This is a post about unionization and artistic control in the Hollywood system. It is also a post about "film theory," and specifically about the ideological context of the auteur theory.

It is my contention that the auteur theory is essentially a managerial theory of film production. It is a theory of industrial production that masquerades as a theory of artistic creation; it is a description of executive authority which masquerades as advocacy for freedom of authorship. It seems to me that all of the important Hollywood struggles, including the current WGA strike, have been about "ownership" of the creative process. The constant battles by the so-called "producers" (studio executives, unit managers, and directors-as-foremen) to keep labor in line are actually class struggles over who will control the "stories" Hollywood tells.

When the Studios controlled the labor process completely, the real auteurs were the unit managers and producers. Then, as labor militancy increased, the Studios were forced to shift to a cooperative way of film-making. But with the decline of the studio system the struggle over who would control the creative process heated up again. As labor militancy declined, strong unions were gutted by blacklisting. Writers, camera operators, editors, set designers, were "brought into line" and became tools of the director, losing creative control in the cooperative labor process of movie making. The unions were purged, allowing the director to become the main "unit manager," the Hollywood equivalent of industrial foreman. I believe that any detailed look at the rise and fall of the various ways of production of movies and television, and their relationship to the social strength of working groups who created the movies and television shows, will reveal that the auteur theory is both justification and description of a certain kind of management style, that has been "necessary" since around 1946 in Hollywood. The necessity has been dictated by the needs of the owners to maintain control of their workforce.

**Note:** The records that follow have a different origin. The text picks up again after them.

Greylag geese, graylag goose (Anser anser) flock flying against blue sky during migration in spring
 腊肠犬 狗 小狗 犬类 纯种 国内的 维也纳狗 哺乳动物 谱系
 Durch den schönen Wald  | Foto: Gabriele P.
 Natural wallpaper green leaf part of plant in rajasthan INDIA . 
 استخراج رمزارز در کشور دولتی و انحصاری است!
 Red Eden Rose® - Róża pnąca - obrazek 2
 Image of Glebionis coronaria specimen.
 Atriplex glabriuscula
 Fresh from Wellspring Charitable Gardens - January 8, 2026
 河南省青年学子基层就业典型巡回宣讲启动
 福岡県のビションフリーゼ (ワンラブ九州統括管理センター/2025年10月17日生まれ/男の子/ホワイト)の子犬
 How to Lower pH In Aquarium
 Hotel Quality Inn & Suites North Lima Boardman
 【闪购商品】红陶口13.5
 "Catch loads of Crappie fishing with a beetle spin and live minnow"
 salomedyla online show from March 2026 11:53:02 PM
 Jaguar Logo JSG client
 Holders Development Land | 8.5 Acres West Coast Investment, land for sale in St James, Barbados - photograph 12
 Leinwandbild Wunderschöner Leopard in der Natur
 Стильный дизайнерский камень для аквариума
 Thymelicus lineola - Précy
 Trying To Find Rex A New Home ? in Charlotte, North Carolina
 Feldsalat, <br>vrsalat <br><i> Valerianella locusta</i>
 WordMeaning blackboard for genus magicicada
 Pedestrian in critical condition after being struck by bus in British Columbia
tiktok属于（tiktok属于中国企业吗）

These thoughts were suddenly triggered when I read a comment expressing the professional animosity between the director and the writer, at the essential writers' strike weblog United Hollywood:


January 3, 2008 6:02 PM
Jake Hollywood said...

Oh c'mon. It's okay to admit that the DGA always operates in their own self interest. They toss writers under the bus all the time. I mean, after all, they're the "authors" of every film ever made, right? Writers are essentially just glorified typist as far as the DGA is concerned--they're not unlike the AMPTP in this view of writers as, "schmucks with Underwoods". If the film is great or merely good, it's the director's "vision" that made it so; if the film is bad, it's always the writer's fault--"...you can't always fix a bad script."

This is the WGA's fight. And it's a battle we writers must win, if for no other reason than to regain what little respect the industry tosses our way.


I wonder if the writer with the nom de blog Jake Hollywood, realizes the full significance of stating his objections to the auteur theory in the context of a labor struggle. It is a little-considered aspect of film history.

The WGA strike has spurred me to think through some of my ideas on film "theory" and history. I have always been opposed to the "auteur theory." For those who don't know, "the auteur theory" is the notion that the director of a film is its "author." Gore Vidal once referred to the "auteur theory" as the "brother-in-law" theory of Hollywood movie making.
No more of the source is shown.